Important guardrails remain. Jurisdictions must still meet most low-income housing goals through new construction, which remains necessary for augmenting insufficient statewide housing supply. Since preserved homes only count toward APRs—not toward identifying developable sites in Housing Elements or adequate zoning—these bills won't reduce obligations to plan new construction. For acq-rehab specifically, the 25% cap prevents jurisdictions from overemphasizing preservation to exclude new development.

With current market conditions—high interest rates and inflation—rendering new construction more difficult or financially infeasible; preservation offers an additional avenue to meet housing goals while preventing displacement.
AB 670 was sponsored by Enterprise, the Public Interest Law Project, the Association of Bay Area Governments, and the Metropolitan Transportation Commission, emerging from the Stable Homes Coalition co-led by Enterprise alongside Housing California and Public Advocates. AB 726 was co-sponsored by the California Housing Partnership and the California Housing Consortium.

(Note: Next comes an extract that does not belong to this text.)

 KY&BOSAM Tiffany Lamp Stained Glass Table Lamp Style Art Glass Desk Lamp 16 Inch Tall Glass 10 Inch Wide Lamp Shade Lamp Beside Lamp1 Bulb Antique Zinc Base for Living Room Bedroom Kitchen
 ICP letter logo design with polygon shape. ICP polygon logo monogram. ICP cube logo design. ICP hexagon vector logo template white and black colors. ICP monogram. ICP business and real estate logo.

What Else is Needed for Successful Acq-Rehab?

Acq-rehab has been underutilized as an affordable housing strategy, but its potential for achieving anti-displacement and social equity goals has made it a core Enterprise priority in California. To leverage AB 670 successfully, jurisdictions should allocate local acq-rehab funding. Like all affordable housing projects, acq-rehab rarely happens without public subsidy, yet no state or federal funding sources are currently set aside specifically for this strategy.

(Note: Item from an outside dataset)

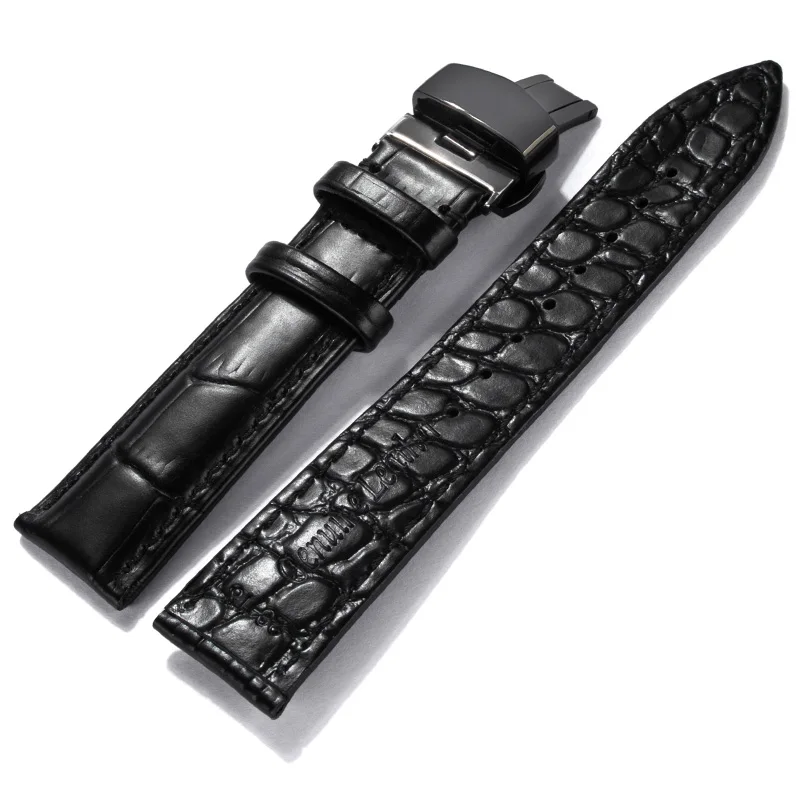 12 14 16 18 20 22 24 mm Leather Black Dark Brown Pink White Classic Alligator Grain Watch Band Strap Belt For Rolex Omega IWC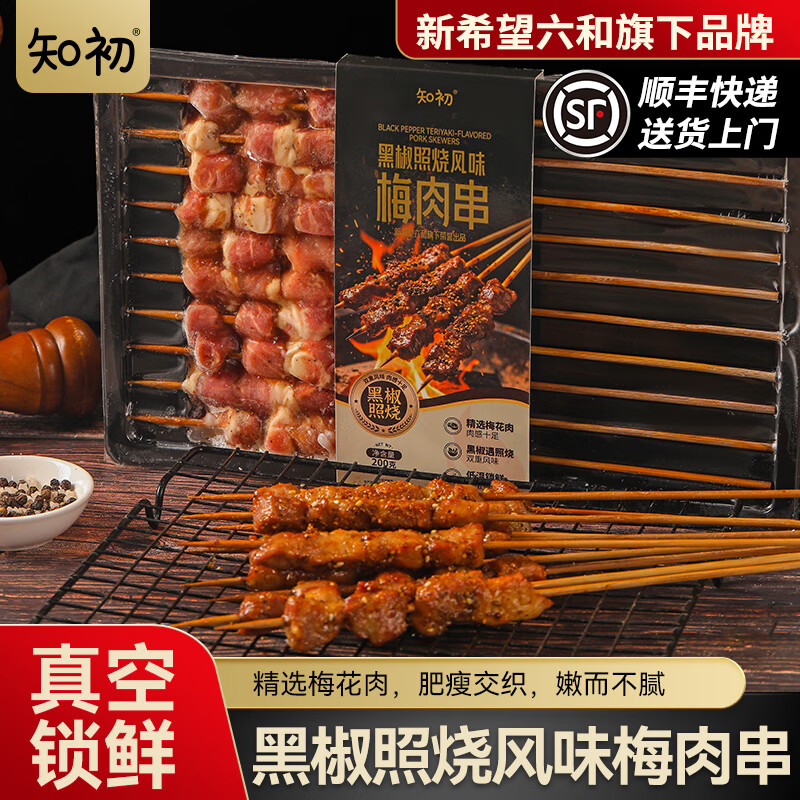 知初新希望猪梅花肉串黑椒麻辣风味200g/袋 新鲜猪梅花肉炭烤猪排烧烤 精选猪梅花肉串黑椒风味【3袋装】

Pioneering jurisdictions—San Francisco, Oakland, and Los Angeles County—identified funding through voter-approved bonds, real estate transfer taxes, inclusionary housing in-lieu fees, and combined funding from multiple sources. Some have made federal Community Development Block Grant funds available for preservation. Jurisdictions can also provide indirect subsidies through welfare tax exemptions or permitting streamlining to accelerate rehabilitation work.

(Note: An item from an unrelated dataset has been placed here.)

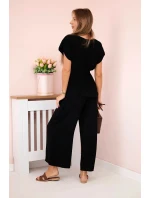Viskózový komplet plisovaná halenka + kalhoty černý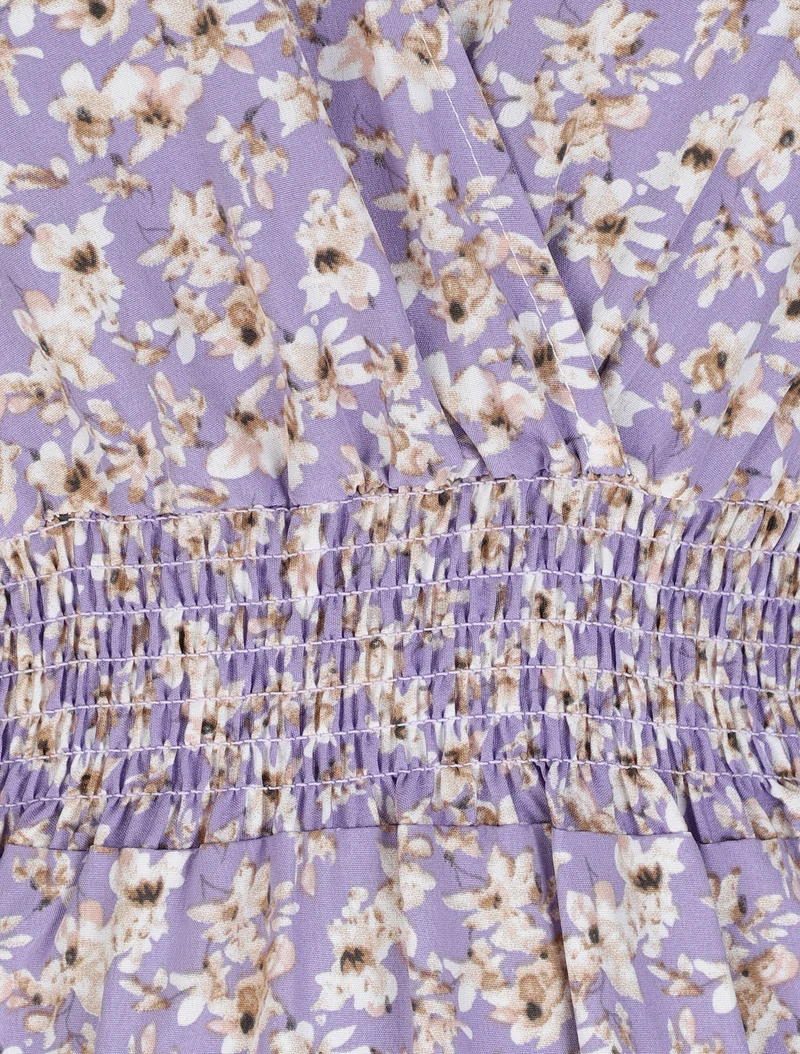 Robe longue empire à épaules volantées imprimé fleurs de cerisier - Lilas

What Learning Resources Are Available?

Trailblazing jurisdictions and the affordable housing organizations working with them learned that even seasoned professionals encounter unique acq-rehab challenges. Market-rate properties housing low-income families are often older and poorly maintained. Rehabilitation scopes vary widely due to building size, age, and typology, as do subsidy needs. Some needs may not be fully understood before purchase, and each acquisition contains inherent risk. Standard new construction financing often doesn't fit acq-rehab needs, underscoring the need for specialized expertise among public sector staff. Additionally, properties are already occupied by residents with unknown incomes.

Recognizing that stakeholders require additional technical assistance, Enterprise launched two initiatives. The California Preservation Academy provided technical assistance for development partners through a webinar series. Subsequently, Enterprise launched a California Public Sector Preservation cohort for jurisdictions establishing new funding programs. While not accepting new participants, interested public sector staff can contact Enterprise for materials.

What Are the State Funding Opportunities?

The proposed state affordable housing bond (AB 736 by Assemblymember Buffy Wicks and SB 417 by Senator Christopher Cabaldon) presents a potential opportunity, including $500 million for acquisition and rehabilitation of unsubsidized affordable homes through a new state program. This model aligns with the Community Anti-Displacement and Preservation Program proposed in SB 225 (Caballero), sponsored by Enterprise alongside Housing California and Public Advocates. Should the bond pass, this funding would help stabilize low-income families and help local governments progress toward housing goals.